Grow Local: Got Stone Fruit?

June 19, 2014 § 5 Comments

The recent hot, hot days have kicked off the ripening process for stone fruit trees here in the 650. The 75-year-old apricot tree in my backyard is heavy with pale-orange, blush-kissed fruit. Every morning for the past week, I’ve stood under that tree, looking up and pondering which small treasures to pick for the day. Which will be fragrant and ripe, and which should stay put for a few more days?

Apricots on the tree

Which beauty to pick now?

And if that weren’t happiness enough, my neighbor’s front-yard plum tree is dropping warm, juicy red-purple fruit right onto the sidewalk. Other neighbors stop by late in the day to pick up a few with their kids or while taking the evening constitutional with their dogs. The calendar might say that it’s still spring, but it feels like midsummer already.

Santa Rosa plums, ripe on the tree

Santa Rosa plums in the 650

Why do a couple of old fruit trees give me such a thrill? Maybe it’s the history — the fact that these trees have been part of the neighborhood since, well, since the houses were built 75 years ago. It’s nice to see a little of the peninsula’s past still in place here and there. I’m not exactly the tree-hugging type, but I can’t help but be impressed by the hardiness of these trees, whose branches are laden with fruit every year! They thrive without much more help from us than an annual pruning and some water. (Or in my case, almost no water, as the drip system in my yard is on the fritz.) Local and organic? Oh yeah.
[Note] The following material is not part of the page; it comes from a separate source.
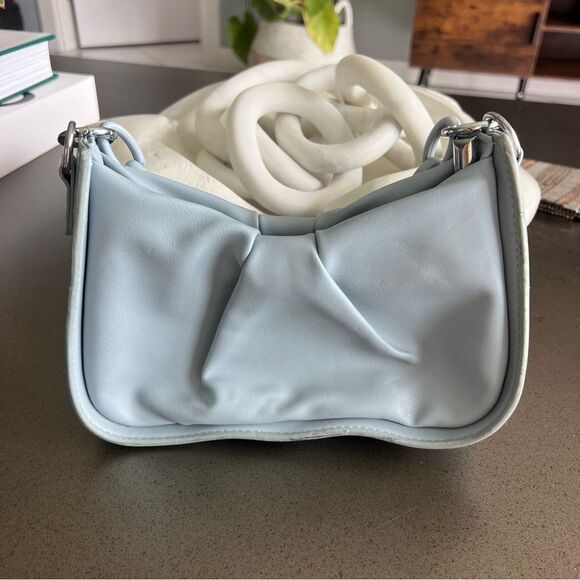 Light Blue Faux Leather Shoulder Bag with Chain Straps - Picture 3 of 8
I think, more than anything, it’s the sensory experience of summer fruit that I love. The colors are so beautiful and vibrant! Apricots range from yellow with pale green (unripe) to orange-pink, some with a freckling or blush of red (ripe).

Beautiful apricots from my backyard

Beautiful apricots from my backyard

Plums are deep red when less ripe, becoming red-purple with a bloom of blue when ripe.

Santa Rosa Plums

Plums: reds aren’t quite ripe, while the purples are just about ready

Then there’s the scent of ripe fruit, which is like perfume: honeyed, floral, complex. (Smelling the stem end of an apricot or plum with get your mouth watering, if the fruit is ripe.) And the flavor is equally complex — sweet and slightly tart at the same time.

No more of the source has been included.